The FTSE 100 closed xxx points or 0.3% lower at 6,674, following Asia markets which had been unsettled overnight by a report that China’s banks had trebled bad debt write offs.
European markets also retreated from a five-year high as banks fell after European Central Bank president Mario Draghi promised a tough review of lenders' balance sheets next year.
Weak trading updates from chip maker STMicroelectronics and brewer Heineken also unsettled the FTSEurofirst 300 index, which closed xx points down at 1,280. Italy was the biggest faller with the FTSE MIB tumbling 2.4% to 18,910. France and Germany declined 0.8% and 0.3%.
‘A single comprehensive assessment, uniformly applied to all significant banks, accounting for about 85% of the euro area banking system, is an important step forward for Europe and for the future of the euro area economy,’ Draghi said.
In London Royal Bank of Scotland (RBS.L) was one of the biggest FTSE fallers, down nearly 3% to 350.7p, over concerns to its exposure to the widening US investigation into the mis-selling of mortgage backed bonds.

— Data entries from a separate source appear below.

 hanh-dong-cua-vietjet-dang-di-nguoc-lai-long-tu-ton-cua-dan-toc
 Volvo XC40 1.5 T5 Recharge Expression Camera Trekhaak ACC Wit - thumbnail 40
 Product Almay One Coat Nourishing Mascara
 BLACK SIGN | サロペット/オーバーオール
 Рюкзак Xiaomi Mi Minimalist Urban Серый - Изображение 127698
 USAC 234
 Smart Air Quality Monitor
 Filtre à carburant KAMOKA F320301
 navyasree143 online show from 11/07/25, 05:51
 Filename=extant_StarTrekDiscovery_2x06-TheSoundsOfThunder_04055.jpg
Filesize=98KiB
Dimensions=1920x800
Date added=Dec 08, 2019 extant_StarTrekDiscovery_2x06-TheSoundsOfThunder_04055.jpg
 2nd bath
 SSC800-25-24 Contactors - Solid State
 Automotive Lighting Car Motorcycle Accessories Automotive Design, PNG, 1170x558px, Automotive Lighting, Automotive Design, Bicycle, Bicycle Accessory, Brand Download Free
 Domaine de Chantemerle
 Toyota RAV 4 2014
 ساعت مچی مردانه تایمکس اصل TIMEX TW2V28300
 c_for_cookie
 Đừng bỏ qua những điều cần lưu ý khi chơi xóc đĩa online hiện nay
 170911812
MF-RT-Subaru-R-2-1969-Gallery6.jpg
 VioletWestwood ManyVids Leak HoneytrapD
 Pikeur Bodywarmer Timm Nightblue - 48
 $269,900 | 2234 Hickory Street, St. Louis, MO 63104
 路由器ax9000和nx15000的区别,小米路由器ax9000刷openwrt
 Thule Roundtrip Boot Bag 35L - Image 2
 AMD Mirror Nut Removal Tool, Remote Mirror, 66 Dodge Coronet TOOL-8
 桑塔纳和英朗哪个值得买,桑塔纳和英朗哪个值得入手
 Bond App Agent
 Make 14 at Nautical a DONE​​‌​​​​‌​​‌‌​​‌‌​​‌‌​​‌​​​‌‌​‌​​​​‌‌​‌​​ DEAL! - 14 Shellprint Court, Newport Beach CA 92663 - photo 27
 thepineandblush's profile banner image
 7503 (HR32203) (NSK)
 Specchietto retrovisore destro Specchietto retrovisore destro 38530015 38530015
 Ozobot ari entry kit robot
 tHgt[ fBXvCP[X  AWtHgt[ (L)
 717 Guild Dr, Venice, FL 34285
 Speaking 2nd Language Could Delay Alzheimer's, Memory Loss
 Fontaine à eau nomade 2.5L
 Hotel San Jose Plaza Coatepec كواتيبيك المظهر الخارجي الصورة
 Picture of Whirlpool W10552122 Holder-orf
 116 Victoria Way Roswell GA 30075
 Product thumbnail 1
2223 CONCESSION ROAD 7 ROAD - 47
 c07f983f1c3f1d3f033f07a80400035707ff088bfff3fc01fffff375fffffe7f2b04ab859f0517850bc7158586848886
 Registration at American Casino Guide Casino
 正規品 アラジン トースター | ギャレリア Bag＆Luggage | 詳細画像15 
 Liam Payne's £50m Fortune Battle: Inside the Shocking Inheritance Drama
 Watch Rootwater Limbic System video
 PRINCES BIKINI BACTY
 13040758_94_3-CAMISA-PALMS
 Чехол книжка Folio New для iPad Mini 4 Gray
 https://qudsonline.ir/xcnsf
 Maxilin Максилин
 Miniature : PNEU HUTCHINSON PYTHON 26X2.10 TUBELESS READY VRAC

Barclays and Standard Chartered slipped 1.6% and 1.5% respectively.
ARM Holdings (ARM.L) was the biggest faller, sliding another 5% to 956p after the chip designer's trading update yesterday.
Miners Antofagasta (ANTO.L) and Anglo American (AAL.L) slid around 4% at the prospect of China tightening its interest rates.
There was little market reaction to minutes from the Bank of England's monetary policy committee meeting this month showing unanimous support in keeping interest rates at 0.5% and bond purchases at £375 billion, with evidence of a quickening recovery in the economy. The pound traded at $1.6166 to the dollar.
After closing at a five-year high overnight the US stock market also retreated, with the S&P 500 half a percent lower at 1,746.
Most investors judge that the Federal Reserve will postpone any tightening of its stimulus to March at the earliest. The question is whether this is a pause for breath in equity markets or something more significant. The FTSE 100 has risen nearly 13% this year but having rallied from 6,338 on 9 October it is still below its peak of 6.840 on 22 May when Fed chairman Ben Bernanke first spoke about ‘tapering’ the amount of money it pumps into the US economy through monthly asset purchases.